Data Warehousing Final Report, Historic Video Game Sales
Course: Data Warehousing (ISM 6208)
Timeline: April 2026 - April 2026
Project Type: Coursework
SQL Python Pandas
Project Description
Video Game Sales Data Warehouse is an end-to-end data warehousing project that models 44 years of global video game sales data spanning 1980 to 2024, built to answer analytical questions around genre trends, platform competition, and the relationship between critical acclaim and commercial success. The project ingests a 64,016 record dataset sourced from Kaggle and processes it through a two-schema PostgreSQL architecture consisting of a raw staging layer and a star schema data warehouse, following dimensional modeling best practices established by Kimball and Ross. The ETL pipeline is written in Python using SQLAlchemy and pandas, handling extraction from CSV, schema creation, dimension loading with static seeding and dynamic population, and fact table loading at a grain of one row per game, platform, and region.
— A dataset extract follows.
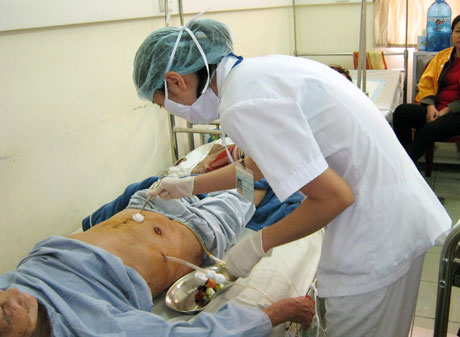 Chăm sóc để phòng nhiễm khuẩn cho người bệnh sau phẫu thuật ung thư.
The star schema consists of seven dimension tables and one central fact table, with dim_game implementing SCD Type 2 using effective and expiry dates to track historical changes in game records, and dim_platform enriched with manufacturer, platform type, and console generation metadata derived from a manually constructed lookup table covering 81 unique platforms. Analytical queries are organized across three topics, genre trends over time, Nintendo vs Sony vs Microsoft platform wars, and critic score vs sales correlation, leveraging window functions including RANK and NTILE. Six data visualizations are generated from pgAdmin CSV exports using a dedicated Python matplotlib script, producing publication-ready charts including a diverging bar chart of genre growth across decades, grouped sales comparisons across manufacturers, NTILE quartile platform rankings, and a critic-proof games analysis highlighting high-selling titles despite poor critical reception. The project demonstrates dimensional modeling and star schema design, SCD Type 2 implementation, three-layer ETL pipeline architecture, analytical SQL with window functions, and data visualization with matplotlib and pandas. Final report is in project downloads.
Course Information
Data Warehousing
ISM 6208
This course provides a thorough foundation in designing and implementing enterprise data warehouses for business intelligence and analytics. We'll study fundamental architectures including star schemas, snowflake schemas, and dimensional modeling techniques that optimize data warehouses for analytical queries. The curriculum covers designing fact and dimension tables, managing slowly changing dimensions, and building ETL (Extract, Transform, Load) processes to integrate data from multiple source systems. We'll compare traditional data warehouse approaches with modern data lake architectures, learning the trade-offs and appropriate use cases for each. Significant emphasis is placed on data quality, governance, and metadata management, the foundational work that makes data warehouses valuable for decision-making. Topics also include OLAP cubes, data marts, and performance optimization for complex analytical workloads. The hands-on components involve actually designing warehouse schemas and implementing dimensional models, providing practical experience with the tools and techniques used in production environments. This course complements my other database and analytics coursework by focusing specifically on how to structure and manage data for business intelligence, reporting, and analytical applications at enterprise scale.